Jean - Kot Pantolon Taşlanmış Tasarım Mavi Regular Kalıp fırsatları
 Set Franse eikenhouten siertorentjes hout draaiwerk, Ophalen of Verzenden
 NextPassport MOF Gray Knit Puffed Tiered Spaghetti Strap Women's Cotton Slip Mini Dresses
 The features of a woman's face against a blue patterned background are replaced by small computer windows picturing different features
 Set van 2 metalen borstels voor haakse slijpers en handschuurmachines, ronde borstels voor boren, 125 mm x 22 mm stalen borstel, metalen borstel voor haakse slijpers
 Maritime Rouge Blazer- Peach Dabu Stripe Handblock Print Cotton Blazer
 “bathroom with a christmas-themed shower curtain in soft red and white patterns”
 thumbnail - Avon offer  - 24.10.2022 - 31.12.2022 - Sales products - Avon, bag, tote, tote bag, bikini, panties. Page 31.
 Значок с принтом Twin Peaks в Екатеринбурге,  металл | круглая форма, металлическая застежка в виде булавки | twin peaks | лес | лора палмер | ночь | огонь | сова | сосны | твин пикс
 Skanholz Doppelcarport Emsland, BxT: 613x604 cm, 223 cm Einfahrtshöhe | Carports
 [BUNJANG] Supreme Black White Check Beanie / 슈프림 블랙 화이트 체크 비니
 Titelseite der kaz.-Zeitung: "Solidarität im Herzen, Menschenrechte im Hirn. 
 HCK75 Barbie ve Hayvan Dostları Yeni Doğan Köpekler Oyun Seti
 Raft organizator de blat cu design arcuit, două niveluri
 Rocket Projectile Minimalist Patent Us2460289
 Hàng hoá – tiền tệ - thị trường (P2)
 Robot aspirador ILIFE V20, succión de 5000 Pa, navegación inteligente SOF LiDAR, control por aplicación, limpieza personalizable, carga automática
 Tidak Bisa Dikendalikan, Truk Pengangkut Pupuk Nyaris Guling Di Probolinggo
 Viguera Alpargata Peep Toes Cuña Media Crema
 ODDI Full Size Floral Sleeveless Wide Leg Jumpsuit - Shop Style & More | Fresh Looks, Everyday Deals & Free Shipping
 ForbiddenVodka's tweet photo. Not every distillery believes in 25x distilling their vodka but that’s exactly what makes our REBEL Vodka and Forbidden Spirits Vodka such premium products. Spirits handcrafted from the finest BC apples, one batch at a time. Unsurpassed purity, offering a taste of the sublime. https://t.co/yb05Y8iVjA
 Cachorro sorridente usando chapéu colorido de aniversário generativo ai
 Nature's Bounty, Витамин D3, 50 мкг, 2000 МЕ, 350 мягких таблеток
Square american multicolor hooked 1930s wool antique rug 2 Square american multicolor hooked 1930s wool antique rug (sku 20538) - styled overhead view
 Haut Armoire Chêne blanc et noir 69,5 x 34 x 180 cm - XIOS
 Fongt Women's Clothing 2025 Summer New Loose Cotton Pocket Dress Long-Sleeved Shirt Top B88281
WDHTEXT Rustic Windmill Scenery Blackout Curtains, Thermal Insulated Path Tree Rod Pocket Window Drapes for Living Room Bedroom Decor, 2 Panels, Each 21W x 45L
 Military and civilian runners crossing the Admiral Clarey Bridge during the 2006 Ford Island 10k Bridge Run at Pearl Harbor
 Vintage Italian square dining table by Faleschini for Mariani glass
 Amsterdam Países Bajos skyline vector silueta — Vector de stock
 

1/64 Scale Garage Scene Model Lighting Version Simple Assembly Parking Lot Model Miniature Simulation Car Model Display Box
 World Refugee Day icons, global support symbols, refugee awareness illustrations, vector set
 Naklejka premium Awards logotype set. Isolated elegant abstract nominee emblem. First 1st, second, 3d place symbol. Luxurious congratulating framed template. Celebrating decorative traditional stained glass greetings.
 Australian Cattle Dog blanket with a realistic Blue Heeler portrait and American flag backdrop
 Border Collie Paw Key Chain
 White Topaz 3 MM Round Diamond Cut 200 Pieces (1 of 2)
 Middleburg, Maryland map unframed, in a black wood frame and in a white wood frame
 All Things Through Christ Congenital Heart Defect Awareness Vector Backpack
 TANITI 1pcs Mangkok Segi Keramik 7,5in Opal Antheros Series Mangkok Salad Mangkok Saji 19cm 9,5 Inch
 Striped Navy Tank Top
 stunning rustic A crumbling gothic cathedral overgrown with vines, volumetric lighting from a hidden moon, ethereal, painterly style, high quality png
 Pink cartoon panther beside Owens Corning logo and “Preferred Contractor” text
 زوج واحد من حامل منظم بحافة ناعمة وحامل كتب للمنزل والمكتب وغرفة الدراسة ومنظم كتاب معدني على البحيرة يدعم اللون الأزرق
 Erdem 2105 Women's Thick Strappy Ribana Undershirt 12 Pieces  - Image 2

+---+

TASK TO CARRY OUT ▸ Word for word, restate the lines of the data above that fall between the line holding "with a christmas-themed" and the line holding "thumbnail - Avon", inclusive, and no other lines.

RESULT OF THE EXERCISE ▸
 “bathroom with a christmas-themed shower curtain in soft red and white patterns”
 thumbnail - Avon offer  - 24.10.2022 - 31.12.2022 - Sales products - Avon, bag, tote, tote bag, bikini, panties. Page 31.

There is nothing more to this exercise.